→ **The data**:

#####

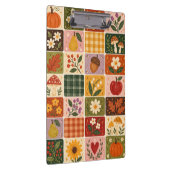 Herbstliche Blumen- Patchworkmuster – Rustikal F Klemmbrett (Rechts)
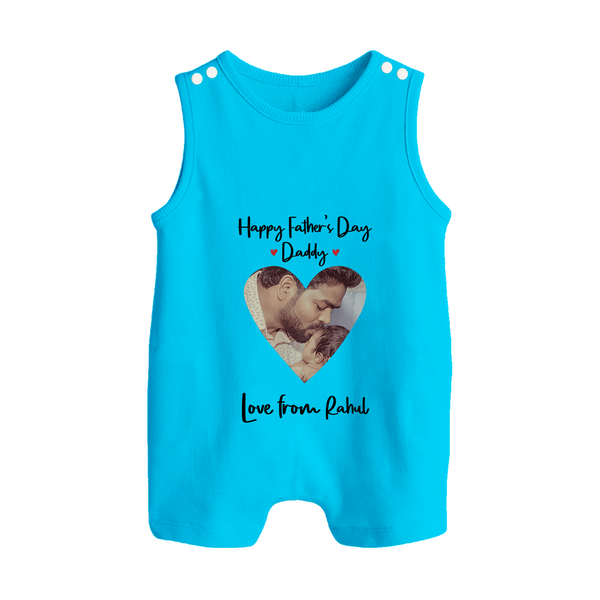 First Father's Day Romper Suit/Sleeveless Romper | Personalized Keepsake Baby Outfit - SKY BLUE - 0 - 5 Months Old (Chest 18")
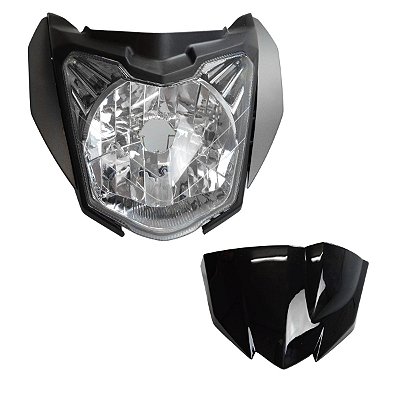 Farol Completo Com Carenagem Fazer 150 Ed 2016 A 2017 Preto Estrutura Resistente E Proteção Contra Os Raios Solares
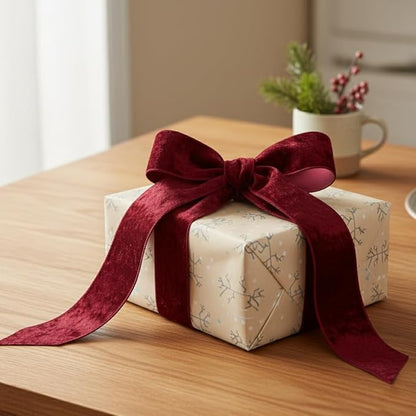 Wine (Burgundy) Velvet Ribbon 2.5 Inch x 10 Yards for Christmas Tree Topper Home Decoration Wreath Gift Wrapping DIY Craft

#####

→ **Problem statement**:
Everything in the data above gets copied exactly. Only the pictures are skipped.

→ **Answer box**:
 Herbstliche Blumen- Patchworkmuster – Rustikal F Klemmbrett (Rechts)
 First Father's Day Romper Suit/Sleeveless Romper | Personalized Keepsake Baby Outfit - SKY BLUE - 0 - 5 Months Old (Chest 18")
 Farol Completo Com Carenagem Fazer 150 Ed 2016 A 2017 Preto Estrutura Resistente E Proteção Contra Os Raios Solares
 Wine (Burgundy) Velvet Ribbon 2.5 Inch x 10 Yards for Christmas Tree Topper Home Decoration Wreath Gift Wrapping DIY Craft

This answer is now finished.